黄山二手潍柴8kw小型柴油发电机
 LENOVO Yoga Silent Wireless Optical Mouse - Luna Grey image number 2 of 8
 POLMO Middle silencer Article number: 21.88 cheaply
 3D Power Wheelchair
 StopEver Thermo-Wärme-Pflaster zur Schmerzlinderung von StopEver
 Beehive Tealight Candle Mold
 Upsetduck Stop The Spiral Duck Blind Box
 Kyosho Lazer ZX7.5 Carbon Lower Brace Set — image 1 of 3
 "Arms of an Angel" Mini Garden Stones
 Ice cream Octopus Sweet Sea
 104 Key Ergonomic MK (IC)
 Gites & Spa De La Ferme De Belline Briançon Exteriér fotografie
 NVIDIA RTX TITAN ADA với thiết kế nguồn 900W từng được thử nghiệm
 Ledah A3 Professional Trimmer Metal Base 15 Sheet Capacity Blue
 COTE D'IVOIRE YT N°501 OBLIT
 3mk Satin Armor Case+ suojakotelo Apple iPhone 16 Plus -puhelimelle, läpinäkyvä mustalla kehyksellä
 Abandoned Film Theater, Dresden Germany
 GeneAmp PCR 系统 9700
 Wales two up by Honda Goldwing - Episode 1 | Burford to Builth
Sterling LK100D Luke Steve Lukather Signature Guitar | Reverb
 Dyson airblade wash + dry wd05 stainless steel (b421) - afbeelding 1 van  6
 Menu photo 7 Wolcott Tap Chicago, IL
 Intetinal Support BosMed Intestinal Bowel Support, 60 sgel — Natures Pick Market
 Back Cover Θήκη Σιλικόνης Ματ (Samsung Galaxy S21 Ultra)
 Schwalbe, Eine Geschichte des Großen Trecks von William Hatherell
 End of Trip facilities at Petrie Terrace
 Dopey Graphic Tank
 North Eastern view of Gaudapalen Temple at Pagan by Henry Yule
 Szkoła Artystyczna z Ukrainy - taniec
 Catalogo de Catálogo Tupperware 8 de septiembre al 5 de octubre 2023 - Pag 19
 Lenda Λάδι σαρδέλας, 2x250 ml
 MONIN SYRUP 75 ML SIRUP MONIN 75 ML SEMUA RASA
────────
What you will do:
Return an exact copy of only the lines from the one with "Dyson airblade wash" through the end of the listing above, both included.

Solution to the exercise:
 Dyson airblade wash + dry wd05 stainless steel (b421) - afbeelding 1 van  6
 Menu photo 7 Wolcott Tap Chicago, IL
 Intetinal Support BosMed Intestinal Bowel Support, 60 sgel — Natures Pick Market
 Back Cover Θήκη Σιλικόνης Ματ (Samsung Galaxy S21 Ultra)
 Schwalbe, Eine Geschichte des Großen Trecks von William Hatherell
 End of Trip facilities at Petrie Terrace
 Dopey Graphic Tank
 North Eastern view of Gaudapalen Temple at Pagan by Henry Yule
 Szkoła Artystyczna z Ukrainy - taniec
 Catalogo de Catálogo Tupperware 8 de septiembre al 5 de octubre 2023 - Pag 19
 Lenda Λάδι σαρδέλας, 2x250 ml
 MONIN SYRUP 75 ML SIRUP MONIN 75 ML SEMUA RASA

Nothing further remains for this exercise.